Exemplarisch für die Vorgehensweise der Zusammenfassung eines Œuvres ist das Werk "Le Musée de Ben" (1972) von Ben Vautier. Der Künstler traf eine Auswahl von eigenen künstlerischen Arbeiten, reproduzierte diese in verkleinerter Form und präsentierte sie in einem kleinen Holzkasten. Mit diesem Miniaturmuseum bietet er den Betrachterinnen und Betrachtern im Kleinen eine Übersicht seines künstlerischen Gesamtwerks. Zugleich verweist die Arbeit Vautiers auf das tragbare Koffermuseum "La-Boîte-en-valise" (1968) von Marcel Duchamp, das 80 verkleinerte Repliken und Reproduktionen der Werke Duchamps enthält. Anhand der Verdichtung wird in beiden Arbeiten die Bedeutung einer gesamten künstlerischen Produktion eines Künstlers ironisch befragt.

Eine vergleichbare Verdichtung ist zu finden in der Arbeit "Tiroir" (2018) von Augustin Rebetez, der jüngsten Position in der Ausstellung. Im Industrieschrank mit 80 Schubladen befinden sich Figuren, verzierte Steinmesser, Tierschädel, Knochenschmuck u. a. Gegenstände. Diese Objekte erinnern an Rituale von Urvölkern. Sie können vom Publikum umplatziert und neu arrangiert werden, sodass die Auswahl und die Präsentation der Gegenstände nicht mehr beim Künstler, sondern bei den Rezipientinnen und Rezipienten liegt. Markus Raetz fordert den Betrachter dazu auf, in der begehbaren Installation "Chambre de lecture" (2013-15) innezuhalten und seine Wahrnehmung zu schärfen. 432 Profile menschlicher Gesichter, je aus einem Stück Draht geformt, hängen an unsichtbaren Fäden an den Wänden eines "Raumes im Raum". Der leichteste Windhauch einer vorbeilaufenden Person reicht bereits aus, um die filigranen Profile in Bewegung zu setzen und dabei ihre Konturen für einen Augenblick neu zu modellieren.

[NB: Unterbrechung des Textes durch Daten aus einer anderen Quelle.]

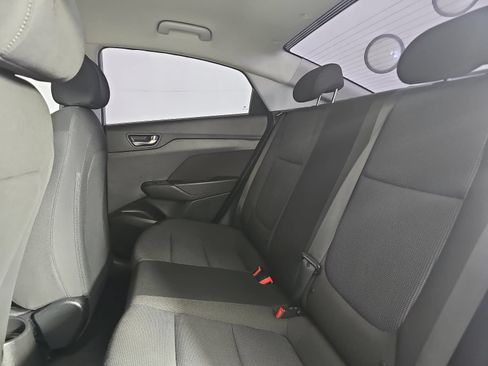 Used 2022 Hyundai Accent SE FWD image 13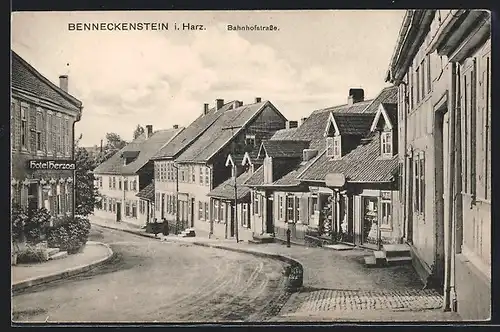 AK Benneckenstein i. Harz, Bahnhofstrasse mit Hotel Herzog und Häuserfassaden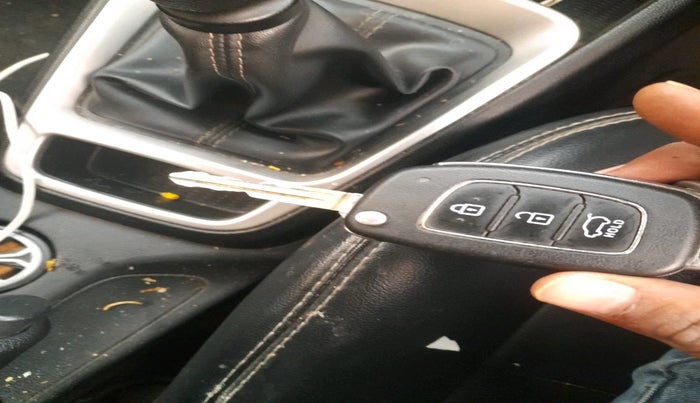 2021 Hyundai VENUE S 1.2, Petrol, Manual, 55,489 km, interior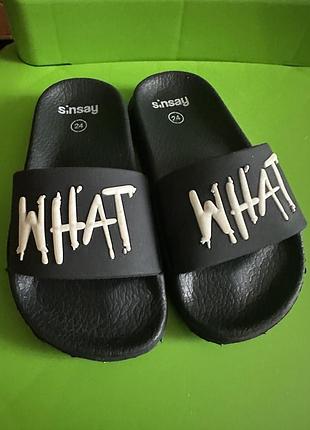 Чорні шльпанці, капці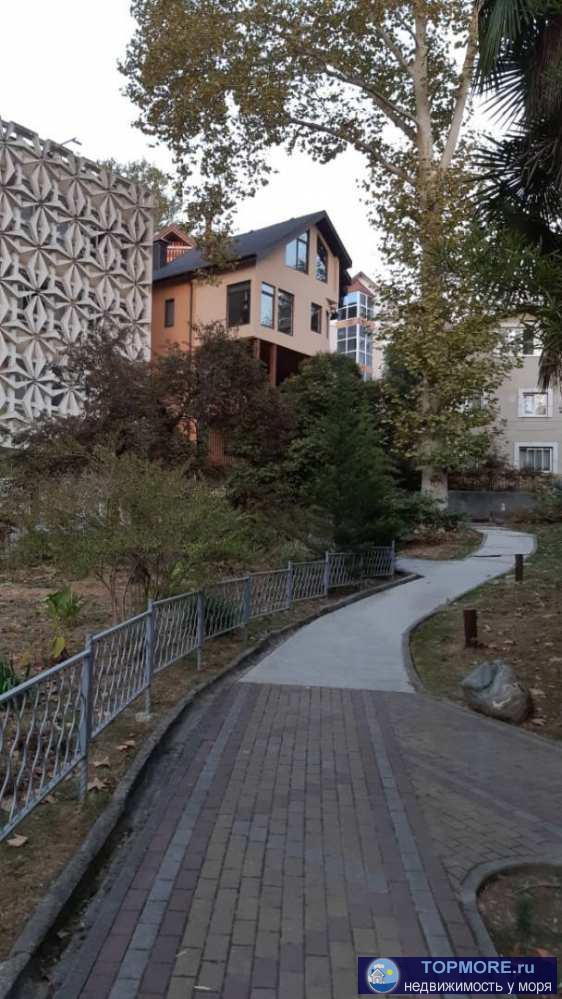 Продаем замечательный дом 300 м2 в самом центре Сочи, рядом с Органным залом. Дом из трех этажей, плюс мансарда (40... - 1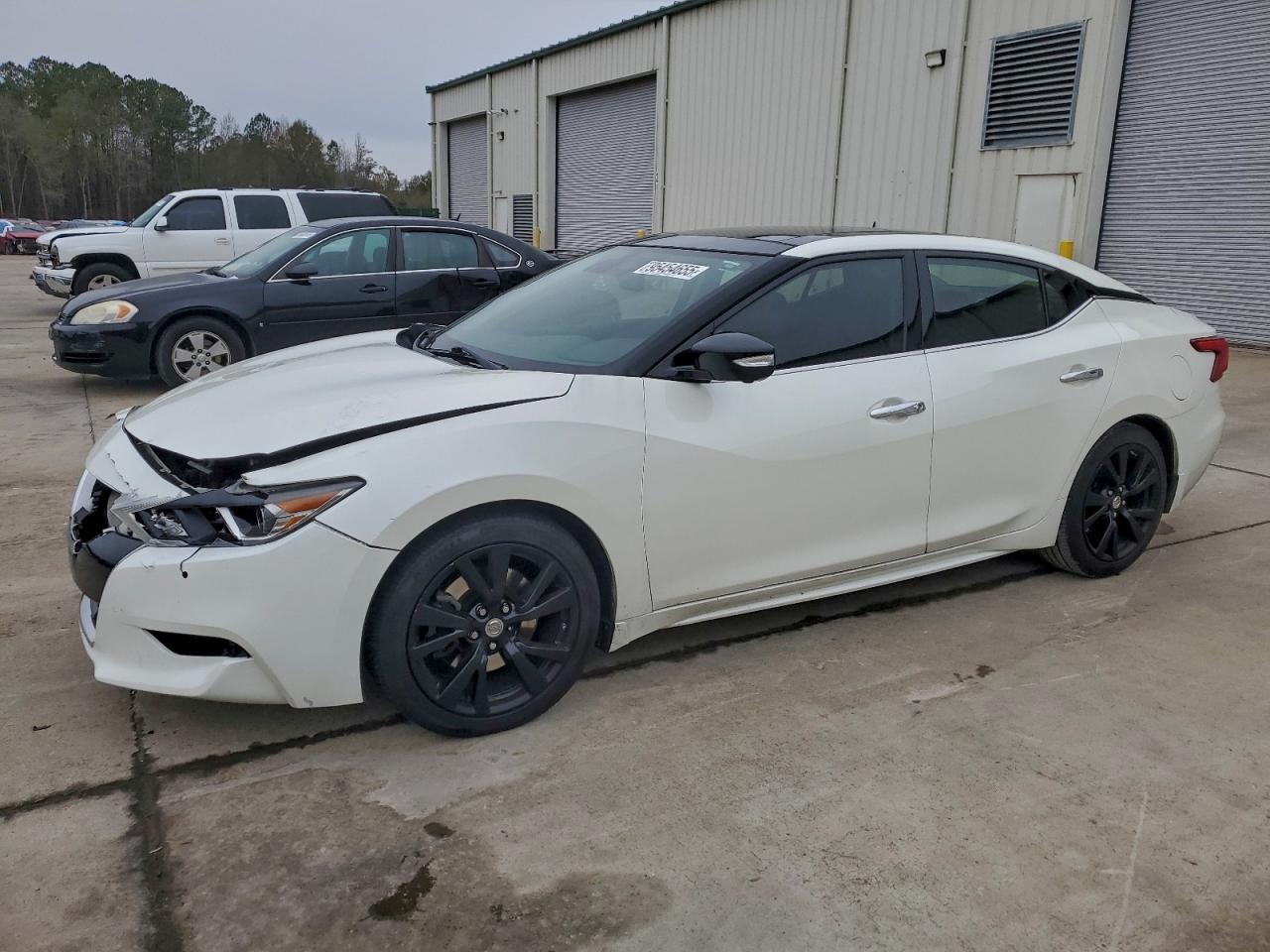 Nissan Maxima 3.5s Image 1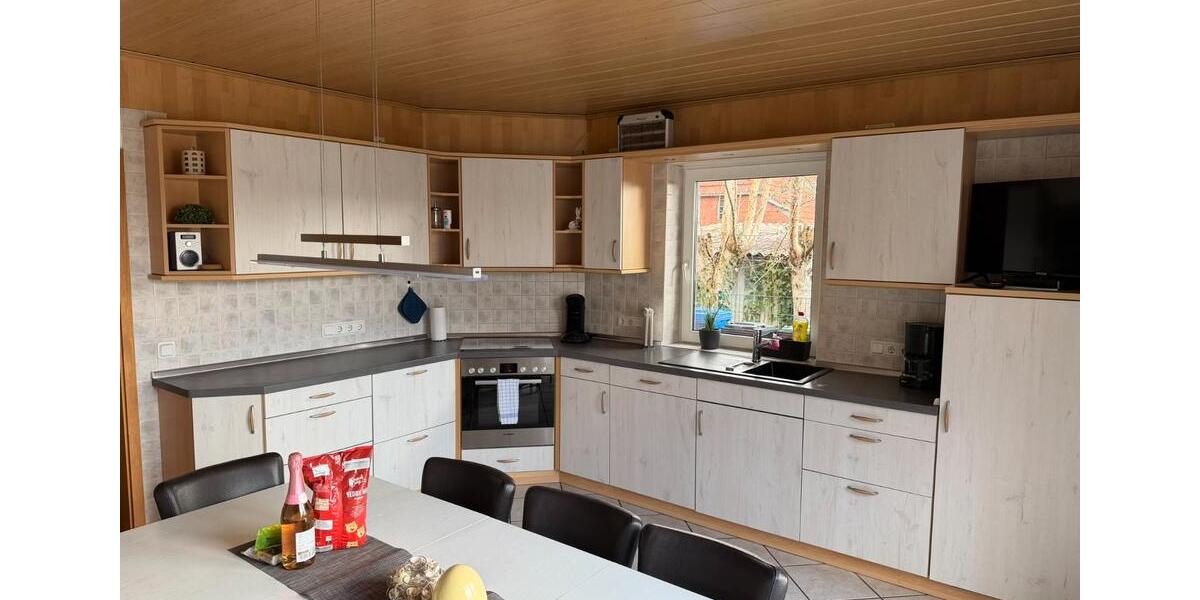 Einfamilienhaus Upgant-Schott Schott - 8 Zimmer, 183 m&sup2;, 450.000&euro; | Angebot:26003766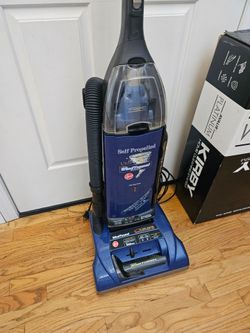 New Cond KENMOR  VACUUM With ATTACHMENT AMAZING POWER SUCTION WORKS EXCELLENT IN THE  box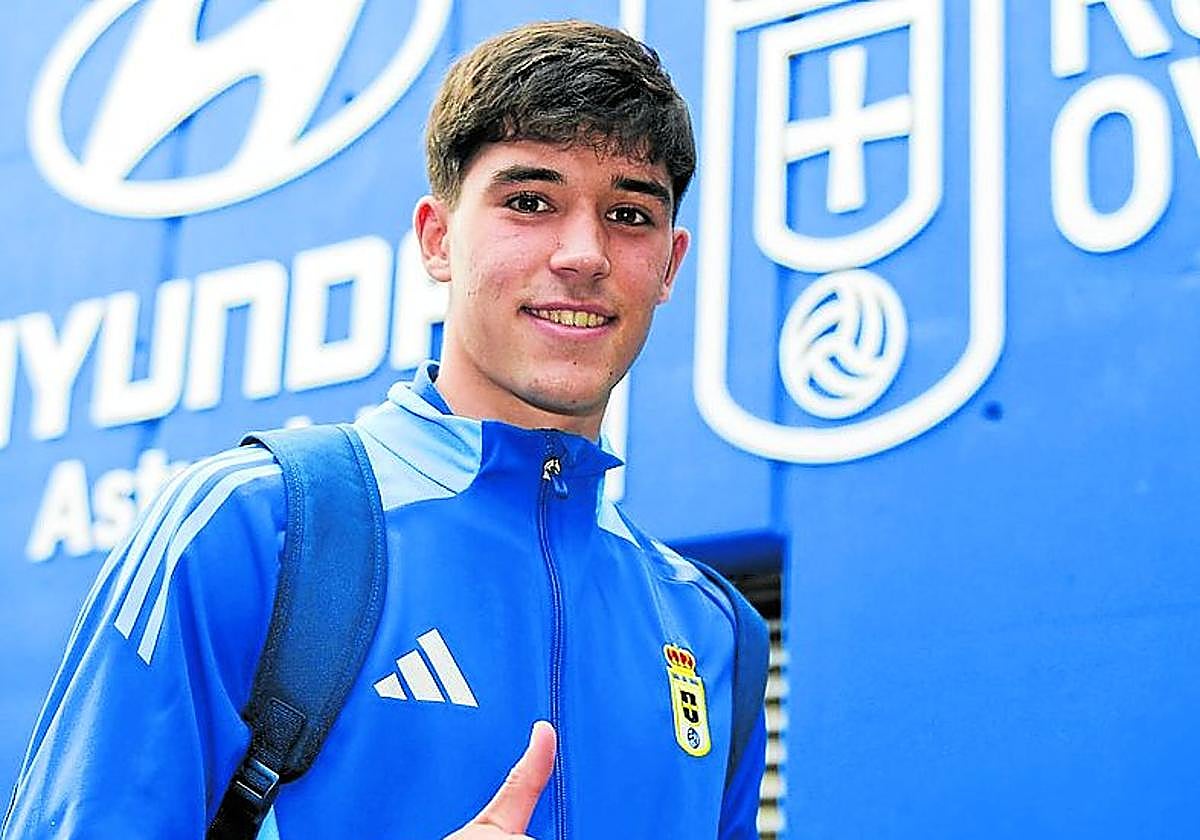 Adri Lopes, Marco Esteban y Miguel Nárvaez son tres de los cinco jugadores del Vetusta que viajaron a Ávila.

"42 flache Arbeiten" (1987-90) von Adrian Schiess setzt sich aus rechteckigen Platten gleichen Formats zusammen, die in Reihen angeordnet werden. In den industriell lackierten monochromen Flächen spiegelt sich der umgebende Raum, der dadurch zum Bestandteil der Installation wird. Einen wichtigen Platz in der Ausstellung nehmen zweidimensionale Arbeiten im XXL-Format an. Exemplarisch dafür ist das grossflächige Ölbild "Black Painting VIII: Ultramarine Blue & Burnt Umber" (1980) von Marcia Hafif. Die Leinwand wirkt auf den ersten Blick monochrom, verwandelt sich bei genauer Betrachtung aber in eine vibrierende Oberfläche voller feinen Farbnuancen von Ultramarinblau bis Umbrabraun. Nur mit Bleistift realisierte Didier Rittener seine riesige Zeichnung "Les Pommiers ou indécente forêt" (2014-16). Darin führte er 19 Bildausschnitte verschiedenster Meisterwerke aus der Kunstgeschichte zusammen, die alle das Motiv des Paradiesbaumes zeigen. Er hinterfragt damit die Bedeutung von Originalen. Schliesslich wirft Hannah Villiger mit ihrer fotografischen Arbeit "Block I" aus zwölf Aufnahmen, die sich durch extreme Nahsicht auszeichnen, Fragen zu Körperlichkeit, gesellschaftlicher Wertung und Identität auf.

Künstler/-innen: Balthasar Burkhard (1944-2010), Pascal Danz (1961-2015), Markus Döbeli (*1958), Michel Grillet (*1956), Marcia Hafif (1929-2018), Bruno Jakob (*1954), Zilla Leutenegger (*1968), Olivier Mosset (*1944), Christian Philipp Müller (*1957), Karim Noureldin (*1967), Vaclav Pozarek (*1940), Markus Raetz (*1941), Augustin Rebetez (*1986), Didier Rittener (*1969), Mario Sala (*1965), Katharina Sallenbach (1920-2013), Adrian Schiess (*1959), Hugo Suter (1943-2013), Fiona Tan (*1966), Ben Vautier (*1935), Hannah Villiger (1951-1997) u. a.